System Design Principles

Developing a production-grade algorithmic research and execution platform requires strict **separation of concerns** to prevent backtest overfitting, lookahead bias, and code rot. In quantitative engineering, we decouple our infrastructure into four independent layers:

  1. Data Access Layer (DAL): Abstracted database transactions (SQLite/PostgreSQL) handling Dividend/Split rollups and streaming price updates.
  2. Strategy Logic Layer: Strategy plugins that consume raw technical frames and return signals, entirely ignorant of cash balances or execution routing.
  3. Discrete-Event Simulator (Backtester): A strict chronological simulator that processes signals sequentially through time, checking risk bounds, position sizes, and slippage factors.
  4. Broker Integration Layer (Execution): Real-time REST/WebSocket wrappers that map Yahoo or structural tickers to broker-specific symbols (Fyers/Zerodha) and place secure orders.
"Decoupling strategy logic from capital allocation and broker execution is the gold standard of financial engineering. It guarantees that our backtests are realistic and our production code is robust."

Eliminating Lookahead Bias in Backtesting

Vectorized backtesters are popular due to computational speed, but they are extremely susceptible to lookahead bias (e.g. referencing tomorrow's close in today's entry logic). To guarantee absolute fidelity, we deploy an **event-driven discrete simulator**. This engine process time steps chronologically, using a strict sequence of event queues:

# chronologically advancing through time
for date in sequential_dates:
    # 1. Update prices and indicators
    indicators = calculate_indicators(data, date)
    
    # 2. Check exits first (Stop-Loss, Trailing stops)
    check_active_positions_for_exits(portfolio, date)
    
    # 3. Process new entry signals
    signals = strategy.evaluate(indicators)
    for sig in signals:
        if risk_manager.is_allowed(portfolio, sig):
            portfolio.allocate_capital(sig)

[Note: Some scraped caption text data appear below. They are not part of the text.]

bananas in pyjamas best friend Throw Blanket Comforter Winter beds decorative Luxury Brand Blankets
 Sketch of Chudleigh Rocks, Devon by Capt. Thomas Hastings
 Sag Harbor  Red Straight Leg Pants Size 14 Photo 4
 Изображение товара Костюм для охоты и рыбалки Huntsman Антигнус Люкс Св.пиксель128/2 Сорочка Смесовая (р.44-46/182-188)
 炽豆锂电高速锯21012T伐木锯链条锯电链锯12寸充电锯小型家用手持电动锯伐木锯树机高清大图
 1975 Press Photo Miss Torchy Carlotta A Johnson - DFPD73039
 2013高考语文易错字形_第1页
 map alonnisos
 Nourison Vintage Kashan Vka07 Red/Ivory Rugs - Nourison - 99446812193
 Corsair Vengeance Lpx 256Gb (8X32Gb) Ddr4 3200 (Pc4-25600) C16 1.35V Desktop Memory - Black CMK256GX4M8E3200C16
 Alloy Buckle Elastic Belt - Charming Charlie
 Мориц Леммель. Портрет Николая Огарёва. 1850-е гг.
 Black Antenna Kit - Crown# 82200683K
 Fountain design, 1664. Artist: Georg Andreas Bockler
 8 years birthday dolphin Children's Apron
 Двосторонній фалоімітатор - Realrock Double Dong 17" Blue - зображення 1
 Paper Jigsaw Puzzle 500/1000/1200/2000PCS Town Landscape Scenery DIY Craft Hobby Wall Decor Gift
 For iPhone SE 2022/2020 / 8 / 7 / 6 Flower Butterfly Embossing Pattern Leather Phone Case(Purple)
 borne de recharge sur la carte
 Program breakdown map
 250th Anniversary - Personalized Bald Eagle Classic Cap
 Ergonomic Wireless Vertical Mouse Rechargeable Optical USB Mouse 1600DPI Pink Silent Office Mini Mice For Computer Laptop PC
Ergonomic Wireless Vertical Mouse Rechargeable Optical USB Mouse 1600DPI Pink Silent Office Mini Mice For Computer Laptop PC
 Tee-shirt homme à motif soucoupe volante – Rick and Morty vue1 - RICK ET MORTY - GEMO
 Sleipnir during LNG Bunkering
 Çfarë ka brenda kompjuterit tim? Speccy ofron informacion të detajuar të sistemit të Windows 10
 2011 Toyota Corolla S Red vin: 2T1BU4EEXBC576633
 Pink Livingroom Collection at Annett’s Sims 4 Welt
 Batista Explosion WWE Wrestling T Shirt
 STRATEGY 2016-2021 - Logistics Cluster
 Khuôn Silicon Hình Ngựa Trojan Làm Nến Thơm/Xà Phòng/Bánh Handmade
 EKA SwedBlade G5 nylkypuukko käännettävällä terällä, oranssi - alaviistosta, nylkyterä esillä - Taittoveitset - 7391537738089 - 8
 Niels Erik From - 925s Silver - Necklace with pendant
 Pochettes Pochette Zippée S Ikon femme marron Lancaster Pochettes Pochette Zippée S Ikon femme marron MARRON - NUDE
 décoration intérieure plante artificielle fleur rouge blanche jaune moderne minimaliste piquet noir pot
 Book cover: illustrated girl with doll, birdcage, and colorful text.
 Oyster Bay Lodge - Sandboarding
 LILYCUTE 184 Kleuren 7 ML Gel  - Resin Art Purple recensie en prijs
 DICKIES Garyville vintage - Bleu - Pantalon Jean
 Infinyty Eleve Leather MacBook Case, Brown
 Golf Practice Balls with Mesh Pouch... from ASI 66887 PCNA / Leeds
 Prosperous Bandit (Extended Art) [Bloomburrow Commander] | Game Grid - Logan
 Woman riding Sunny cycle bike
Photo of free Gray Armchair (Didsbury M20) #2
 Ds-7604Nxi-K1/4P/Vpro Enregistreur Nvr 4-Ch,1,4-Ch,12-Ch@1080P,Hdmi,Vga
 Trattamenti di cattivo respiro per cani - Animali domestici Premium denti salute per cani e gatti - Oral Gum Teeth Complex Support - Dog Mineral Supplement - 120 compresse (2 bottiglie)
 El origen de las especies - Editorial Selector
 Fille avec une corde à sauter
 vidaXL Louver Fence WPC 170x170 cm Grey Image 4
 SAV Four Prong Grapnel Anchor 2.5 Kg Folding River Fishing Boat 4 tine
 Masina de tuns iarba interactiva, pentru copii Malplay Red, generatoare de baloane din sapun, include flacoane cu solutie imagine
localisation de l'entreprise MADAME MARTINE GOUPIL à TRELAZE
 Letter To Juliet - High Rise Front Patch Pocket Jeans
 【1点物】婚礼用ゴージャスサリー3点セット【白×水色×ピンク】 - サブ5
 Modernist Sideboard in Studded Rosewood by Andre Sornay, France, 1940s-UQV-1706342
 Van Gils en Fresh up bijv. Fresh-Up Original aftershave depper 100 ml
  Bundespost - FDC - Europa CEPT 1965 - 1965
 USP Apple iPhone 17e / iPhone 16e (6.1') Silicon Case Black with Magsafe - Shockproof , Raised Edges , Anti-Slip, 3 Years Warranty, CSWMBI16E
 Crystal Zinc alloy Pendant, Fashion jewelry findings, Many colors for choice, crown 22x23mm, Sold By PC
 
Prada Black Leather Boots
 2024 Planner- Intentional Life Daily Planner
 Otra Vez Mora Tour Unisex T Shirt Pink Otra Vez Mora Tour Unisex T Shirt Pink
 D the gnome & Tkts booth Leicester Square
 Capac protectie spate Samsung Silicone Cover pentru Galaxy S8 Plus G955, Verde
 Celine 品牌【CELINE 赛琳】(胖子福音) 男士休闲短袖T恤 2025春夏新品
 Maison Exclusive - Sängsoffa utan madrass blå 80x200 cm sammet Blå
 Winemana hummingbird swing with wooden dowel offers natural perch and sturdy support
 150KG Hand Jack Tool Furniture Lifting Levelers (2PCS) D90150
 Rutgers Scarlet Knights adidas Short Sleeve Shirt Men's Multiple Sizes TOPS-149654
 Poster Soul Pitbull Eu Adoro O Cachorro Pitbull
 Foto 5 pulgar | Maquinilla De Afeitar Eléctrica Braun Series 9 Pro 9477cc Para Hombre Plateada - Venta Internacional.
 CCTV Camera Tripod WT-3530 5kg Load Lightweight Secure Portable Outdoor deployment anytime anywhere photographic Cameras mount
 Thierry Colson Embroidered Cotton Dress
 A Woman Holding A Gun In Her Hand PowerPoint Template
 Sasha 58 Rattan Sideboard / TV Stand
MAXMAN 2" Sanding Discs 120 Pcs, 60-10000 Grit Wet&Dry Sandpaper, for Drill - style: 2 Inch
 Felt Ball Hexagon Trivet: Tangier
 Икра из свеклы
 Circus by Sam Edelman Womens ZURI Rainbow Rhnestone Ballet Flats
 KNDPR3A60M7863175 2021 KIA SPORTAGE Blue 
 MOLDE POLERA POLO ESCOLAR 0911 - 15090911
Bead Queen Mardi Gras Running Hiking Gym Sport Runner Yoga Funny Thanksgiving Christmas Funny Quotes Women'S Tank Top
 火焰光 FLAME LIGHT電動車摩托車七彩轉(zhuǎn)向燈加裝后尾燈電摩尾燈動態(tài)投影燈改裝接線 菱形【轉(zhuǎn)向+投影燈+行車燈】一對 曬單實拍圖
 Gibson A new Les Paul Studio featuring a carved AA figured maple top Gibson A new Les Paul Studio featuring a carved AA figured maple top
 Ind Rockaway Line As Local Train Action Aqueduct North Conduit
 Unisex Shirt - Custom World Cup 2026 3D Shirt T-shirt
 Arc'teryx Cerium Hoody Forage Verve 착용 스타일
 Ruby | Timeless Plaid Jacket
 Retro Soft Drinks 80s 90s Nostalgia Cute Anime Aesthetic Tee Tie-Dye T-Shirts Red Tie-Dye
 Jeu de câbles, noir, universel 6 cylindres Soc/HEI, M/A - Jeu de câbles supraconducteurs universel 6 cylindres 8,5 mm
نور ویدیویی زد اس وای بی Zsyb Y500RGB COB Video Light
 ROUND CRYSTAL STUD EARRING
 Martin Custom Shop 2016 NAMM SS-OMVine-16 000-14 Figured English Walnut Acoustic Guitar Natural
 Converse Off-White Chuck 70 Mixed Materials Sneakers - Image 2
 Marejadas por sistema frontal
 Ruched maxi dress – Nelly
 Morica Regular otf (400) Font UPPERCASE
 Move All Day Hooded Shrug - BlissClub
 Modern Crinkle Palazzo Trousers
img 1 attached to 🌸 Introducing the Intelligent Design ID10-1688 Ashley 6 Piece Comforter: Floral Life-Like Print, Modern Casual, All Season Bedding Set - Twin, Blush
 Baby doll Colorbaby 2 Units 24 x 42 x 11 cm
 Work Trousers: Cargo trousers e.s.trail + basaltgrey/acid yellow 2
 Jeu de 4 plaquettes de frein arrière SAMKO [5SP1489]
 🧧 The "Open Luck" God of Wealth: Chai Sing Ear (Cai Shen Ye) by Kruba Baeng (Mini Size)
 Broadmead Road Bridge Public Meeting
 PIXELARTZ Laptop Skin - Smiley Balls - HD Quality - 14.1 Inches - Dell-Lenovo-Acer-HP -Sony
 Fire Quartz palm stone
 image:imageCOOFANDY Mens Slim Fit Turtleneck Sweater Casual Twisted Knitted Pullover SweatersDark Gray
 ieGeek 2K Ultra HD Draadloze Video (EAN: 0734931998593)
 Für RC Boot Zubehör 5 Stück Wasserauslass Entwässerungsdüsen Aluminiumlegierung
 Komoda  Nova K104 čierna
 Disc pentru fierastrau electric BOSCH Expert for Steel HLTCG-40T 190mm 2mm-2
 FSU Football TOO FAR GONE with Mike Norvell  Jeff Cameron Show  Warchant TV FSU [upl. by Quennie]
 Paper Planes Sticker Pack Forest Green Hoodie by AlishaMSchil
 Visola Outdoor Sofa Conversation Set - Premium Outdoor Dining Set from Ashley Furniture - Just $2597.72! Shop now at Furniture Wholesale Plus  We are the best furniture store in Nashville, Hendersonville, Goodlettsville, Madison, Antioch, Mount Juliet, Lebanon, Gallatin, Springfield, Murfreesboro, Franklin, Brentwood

Scaling with Multi-Processed Genetic Optimization

Modular architectures enable painless hyperparameter optimization. Because our backtest simulator acts as a pure function consuming parameter mappings, we scale tuning globally across CPU threads. Utilizing a **Genetic Algorithm (GA)**, we initialize diverse populations of parameters (e.g. lookback loops, stop-loss ratios), mutate and cross them based on elite survivors, and genetically converge on the maximum **Sortino Ratio** (downside deviation adjusted return) over the historical validation horizon.